You may not have been following KCS’s blog in January of this past year when we produced the following blog post. We questioned the logic of focusing on the ROA as the plan’s primary objective.  We especially challenged the notion that shifting a couple of percent from one asset class to another would produce meaningful results for the pension system. Clearly, given the results produced by asset classes in 2018, it didn’t matter where you placed your assets. There really weren’t any places to hide. Here is that post.

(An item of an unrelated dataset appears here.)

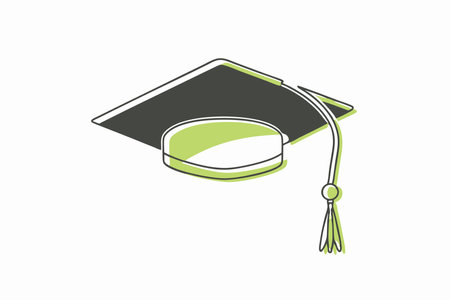 Graduation cap Illustration on White Backgroundのイラスト素材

An article appears in today’s WSJ highlighting a dilemma for U.S. public pension plans, but it could be addressing a similar concern for all DB plans, including multiemployer and private plans, that continue to focus on the return on asset assumption (ROA) as the primary objective for both plan sponsors and their asset consultants. You see, most of the retirement community has been sold a bag of rotten goods claiming that a plan needs to generate the ROA or it will not meet its funding goals.  Hogwash!

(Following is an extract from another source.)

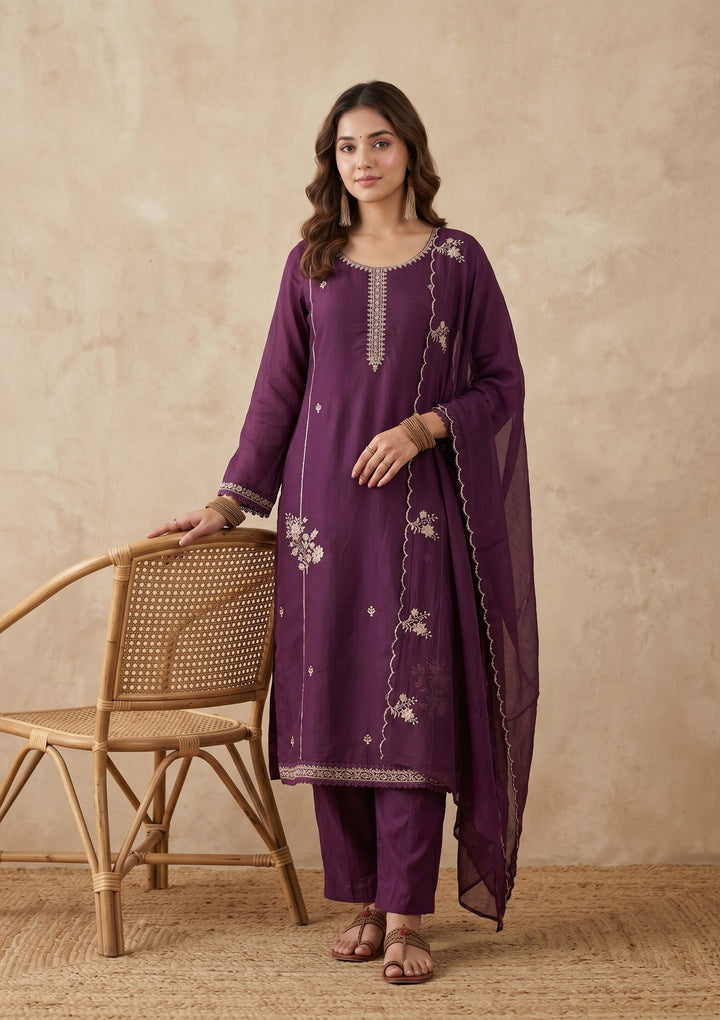 Purple Threadwork Chanderi Readymade Salwar Suit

So, when valuations for most asset classes seem to be stretched, where does a pension plan go to allocate their plan’s assets? Well, this “issue” has plan sponsors once again scratching their collective heads and doing the Curly shuffle.  You see, they have once again through the presumed support of their consultants, begun to approach asset allocation as nothing more than rearranging the deck chairs on the Titanic.

Despite tremendous gains from both equity and fixed income bull markets, these plans are willing to “let it ride” instead of altering their approach to possibly reduce risk, stabilize the funded status, and moderate contribution expense. Can you believe that the California State Teachers Retirement System, the country’s second-largest public plan, has recently decided to roll back fixed income exposure by 2% and equity exposure by 1% from 55% to 54%?  Are you kidding me? Is that truly meaningful or heroic?

Please note that generating a return commensurate with the ROA is not going to guarantee success.  Furthermore, since most public pension plans are currently woefully funded on an actuarial basis, meeting this objective will only further exacerbate the UAAL.

These plans don’t need the status quo approach that has been tried for decades. Real pension reform must be implemented before these plans are no longer sustainable, despite the claim that they are perpetual.  As an industry, we have an obligation to ensure the promised benefits are there when needed. Doing the same old, same old places our ability to meet this responsibility in jeopardy. If valuations are truly stretched, why allow your allocations to remain basically stagnant?